When DNS Load Balancing Is Good Enough — and When It Will Quietly Fail You

DNS round-robin works fine until your fleet becomes dynamic, your services multiply, or your datacenters need to coordinate. Here is where the line is, and what breaks when you cross it.

An autoscaling event fires. Three new instances come up, registered and ready. Six old instances are terminating. The DNS record is updated. Traffic should shift.

But the clients resolved that name four minutes ago. Their stub resolvers cached it. Their HTTP client libraries cached it. Their connection pools are holding long-lived TCP connections to the old addresses. For the next several minutes, requests keep landing on instances that are shutting down, even as healthy capacity sits idle.

This is not a bug in DNS. It is DNS working exactly as designed. The problem is that DNS was designed as a directory service, not a load balancer. It works as load balancing until the moment it doesn’t, and when it stops working the failure is usually silent.

What DNS Load Balancing Actually Does

The mechanism is simple: a single hostname resolves to multiple A records. The client receives the full list and picks one, usually the first. Resolvers and clients rotate through the list on each query, which produces a rough distribution across addresses.

$ dig api.example.com +short
10.0.1.4
10.0.1.7
10.0.1.12
10.0.1.3

No proxy, no sidecar, no infrastructure beyond your existing nameserver. Every language, every runtime, every tool that speaks TCP knows how to resolve a hostname. The operational cost is near zero.

At small scale and with stable fleets, this is genuinely good enough. The question is where “good enough” ends.

When DNS Round-Robin Is Fine

DNS load balancing is a reasonable choice when these conditions hold.

Your fleet is small and changes infrequently. If you are running three to five backend instances that only change during planned deploys, TTL propagation lag is a manageable inconvenience rather than a continuous source of misdirected traffic.

Connections are short-lived. DNS distributes load at resolution time. If your clients open a new connection per request, and each connection resolves the hostname fresh, you get reasonable distribution. HTTP/1.1 without keep-alive, CLI tools, batch jobs, and short-lived scripts all behave this way.

You do not need per-request routing decisions. DNS commits a client to an address for the duration of the TTL. If the only thing you need is “some instance that can handle this”, and any instance is equally good, DNS delivers that.

Geographic routing at the edge.
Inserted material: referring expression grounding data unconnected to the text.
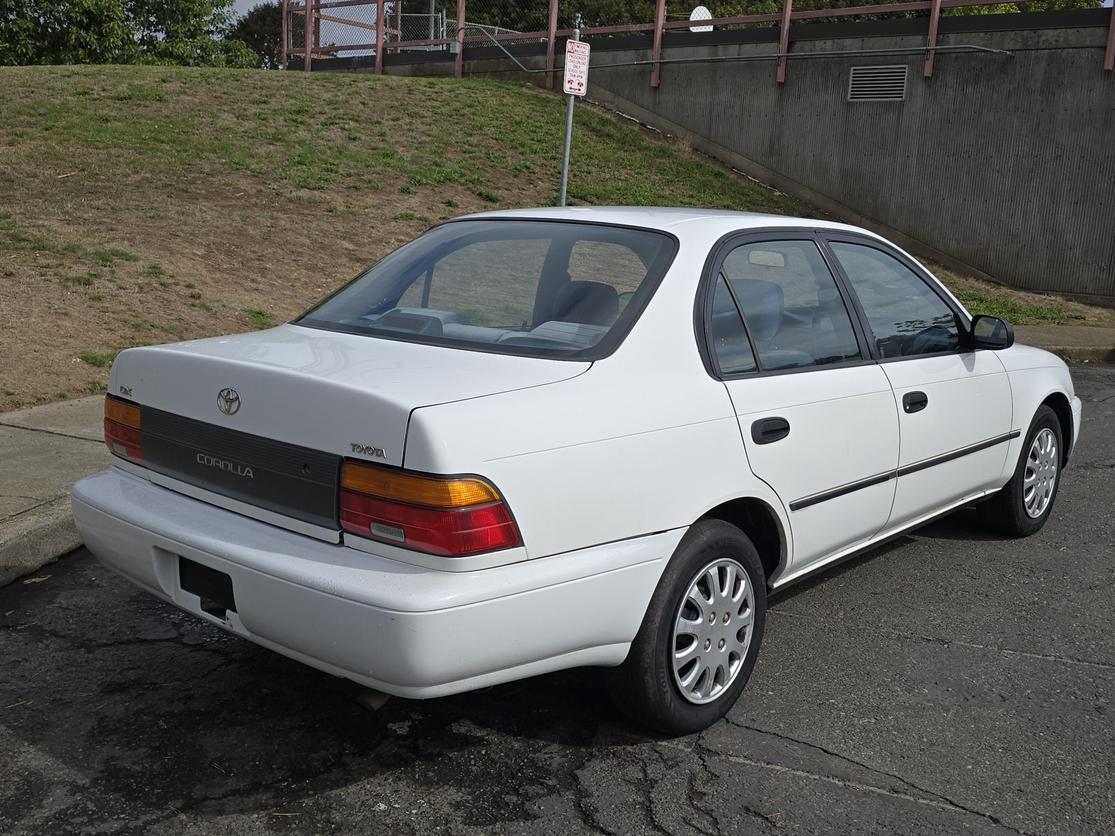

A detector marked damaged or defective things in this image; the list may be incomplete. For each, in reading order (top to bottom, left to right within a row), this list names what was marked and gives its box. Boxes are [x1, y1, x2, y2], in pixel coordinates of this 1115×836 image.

cracked asphalt [2, 366, 1112, 836]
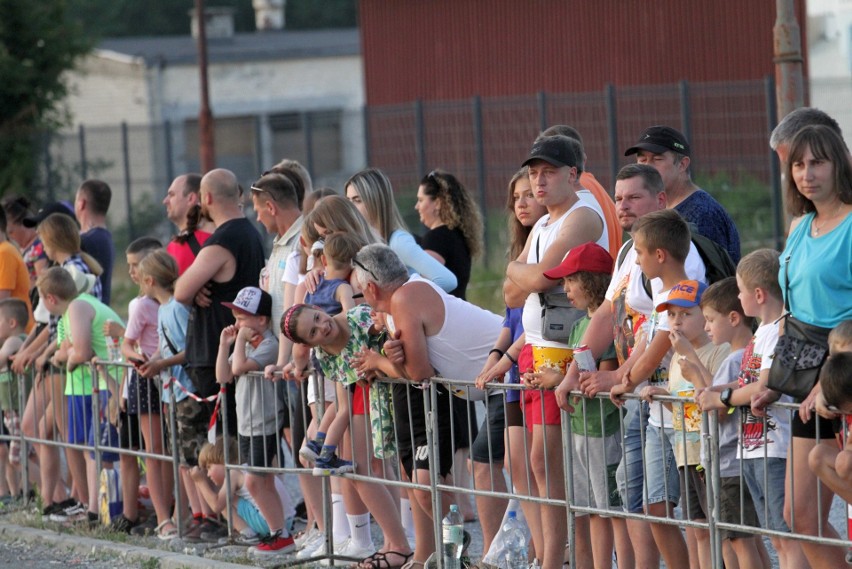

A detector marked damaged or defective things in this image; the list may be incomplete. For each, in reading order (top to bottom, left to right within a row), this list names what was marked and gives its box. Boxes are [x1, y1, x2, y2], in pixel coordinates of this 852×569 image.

rusty metal pole [196, 0, 215, 172]
rusty metal pole [772, 0, 804, 119]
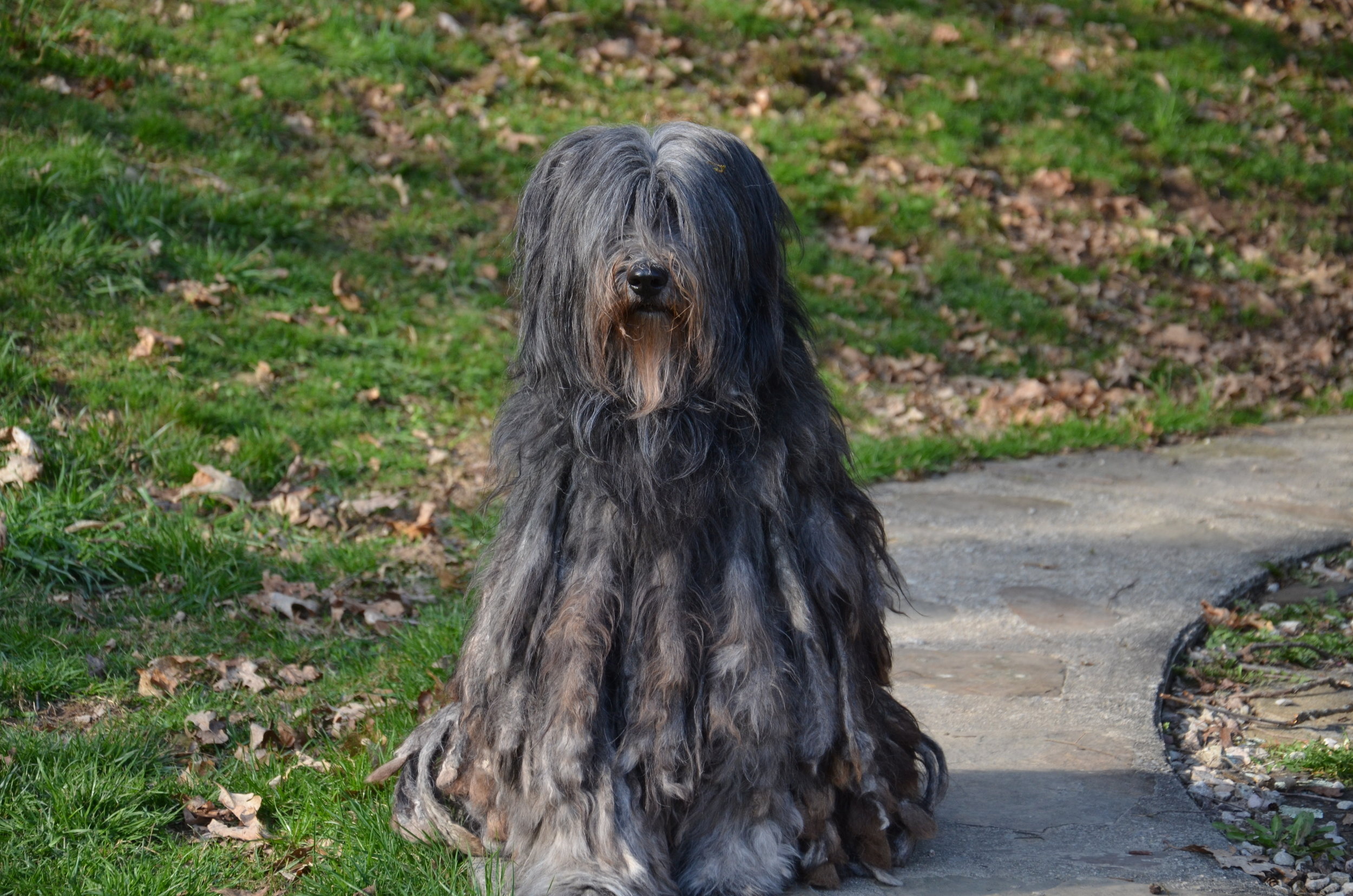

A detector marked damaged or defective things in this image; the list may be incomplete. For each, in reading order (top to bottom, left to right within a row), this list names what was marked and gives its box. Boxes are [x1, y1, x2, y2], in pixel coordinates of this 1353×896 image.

cracked concrete slab [866, 417, 1353, 893]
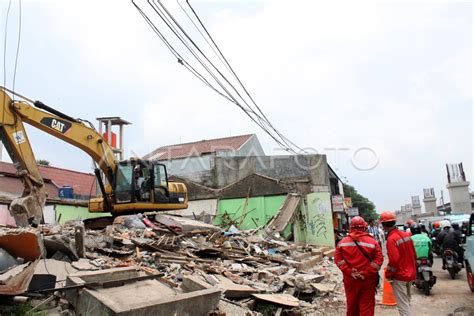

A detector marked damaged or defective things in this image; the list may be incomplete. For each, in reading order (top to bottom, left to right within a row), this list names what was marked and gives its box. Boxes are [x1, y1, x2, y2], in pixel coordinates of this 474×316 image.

broken concrete slab [65, 266, 222, 316]
broken concrete slab [252, 292, 300, 308]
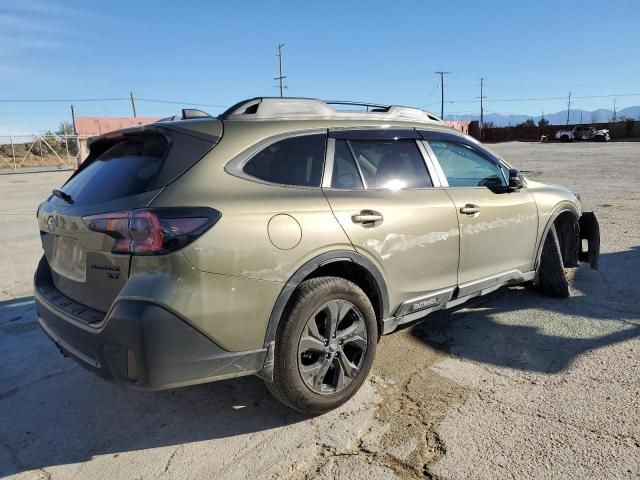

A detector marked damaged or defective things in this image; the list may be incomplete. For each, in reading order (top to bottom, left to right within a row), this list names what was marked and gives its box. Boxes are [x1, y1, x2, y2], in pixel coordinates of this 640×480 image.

cracked asphalt [0, 141, 636, 478]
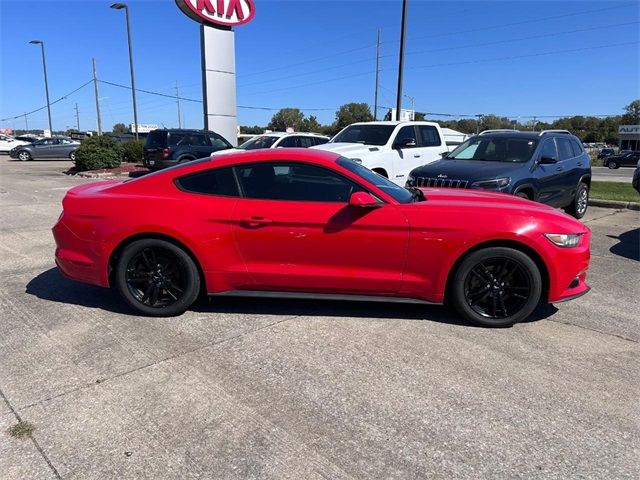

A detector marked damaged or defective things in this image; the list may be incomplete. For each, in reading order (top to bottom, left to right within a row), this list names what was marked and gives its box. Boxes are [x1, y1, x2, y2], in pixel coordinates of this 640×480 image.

pavement crack [16, 316, 302, 412]
pavement crack [0, 386, 62, 480]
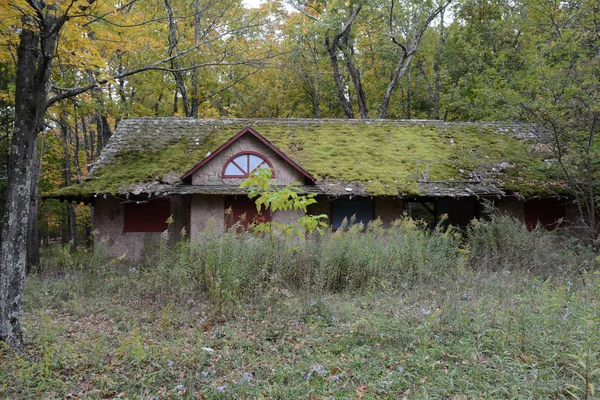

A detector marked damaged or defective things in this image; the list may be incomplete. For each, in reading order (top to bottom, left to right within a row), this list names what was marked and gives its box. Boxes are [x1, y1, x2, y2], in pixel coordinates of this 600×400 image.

broken roof edge [180, 126, 316, 184]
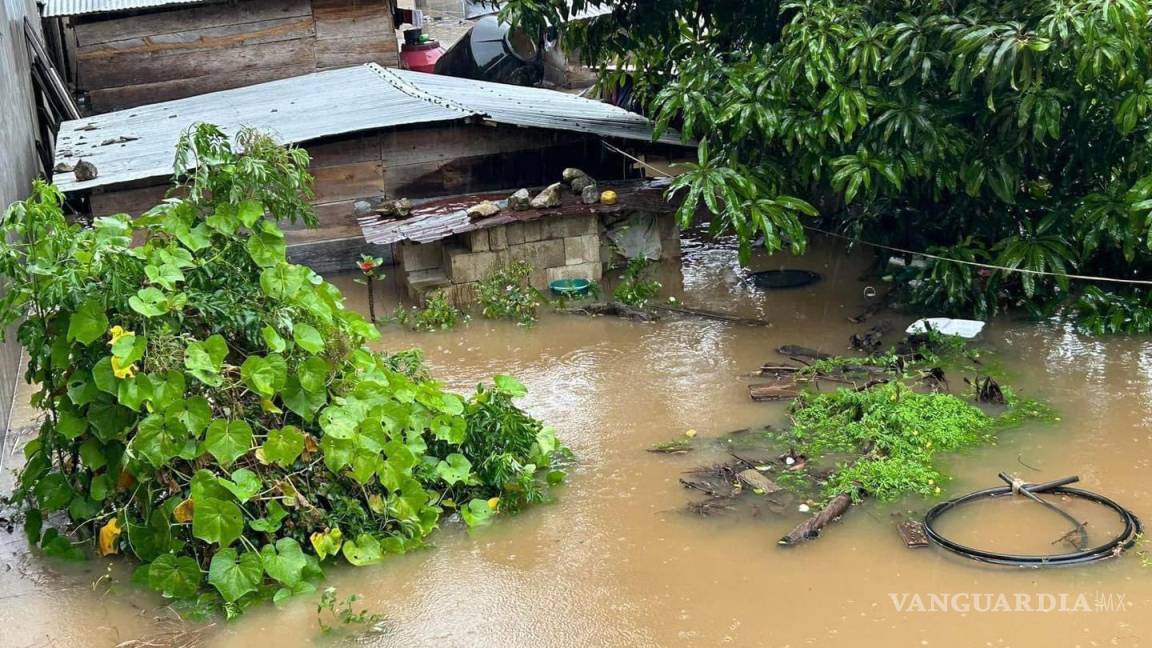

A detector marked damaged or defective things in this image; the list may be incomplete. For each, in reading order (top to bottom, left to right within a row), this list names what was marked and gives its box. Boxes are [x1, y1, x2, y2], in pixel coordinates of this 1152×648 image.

rusted roofing [42, 0, 210, 17]
rusted roofing [54, 63, 684, 195]
rusted roofing [356, 180, 672, 246]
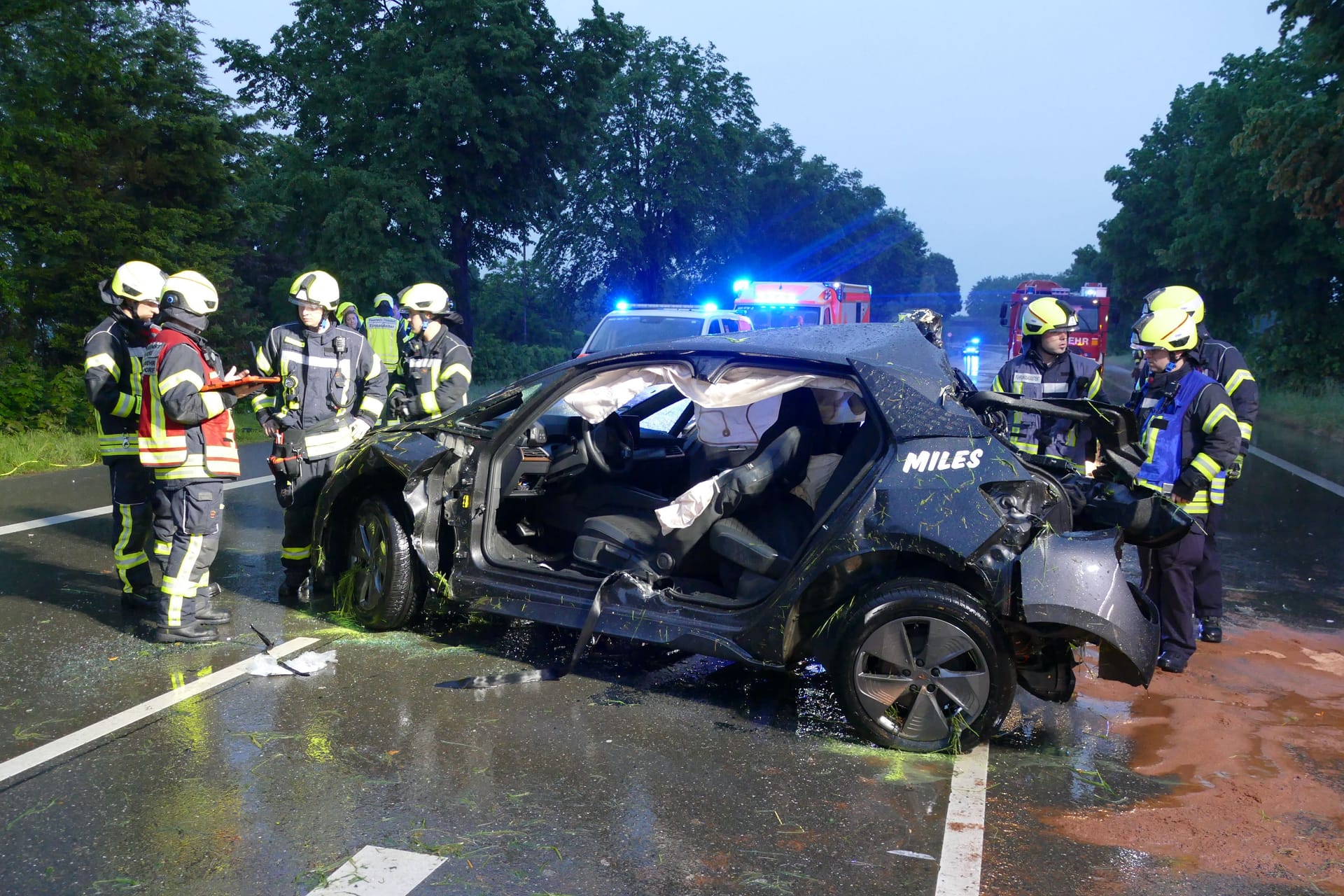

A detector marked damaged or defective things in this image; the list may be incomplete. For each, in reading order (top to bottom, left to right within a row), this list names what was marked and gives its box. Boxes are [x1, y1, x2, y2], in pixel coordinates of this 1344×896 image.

wrecked black car [312, 318, 1177, 752]
damaged front bumper [1016, 531, 1156, 687]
GeoDNS, where a nameserver returns different records based on the client’s region, is a legitimate and widely deployed pattern. CDNs, global API gateways, and regional entry points use it routinely. The key distinction: GeoDNS routes clients to a region, where a real load balancer takes over. DNS is doing coarse-grained steering, not per-request distribution.

If your service lives in any of these categories, DNS load balancing is probably fine. The rest of this post is about what happens when you move outside them.

The Fleet Becomes Dynamic

Modern deployments are not static. Autoscaling adds instances when load spikes and removes them when it drops. Rolling deploys replace instances one by one. Spot or preemptible instances appear and disappear on short notice. A fleet of twenty instances might cycle through half its membership in an hour.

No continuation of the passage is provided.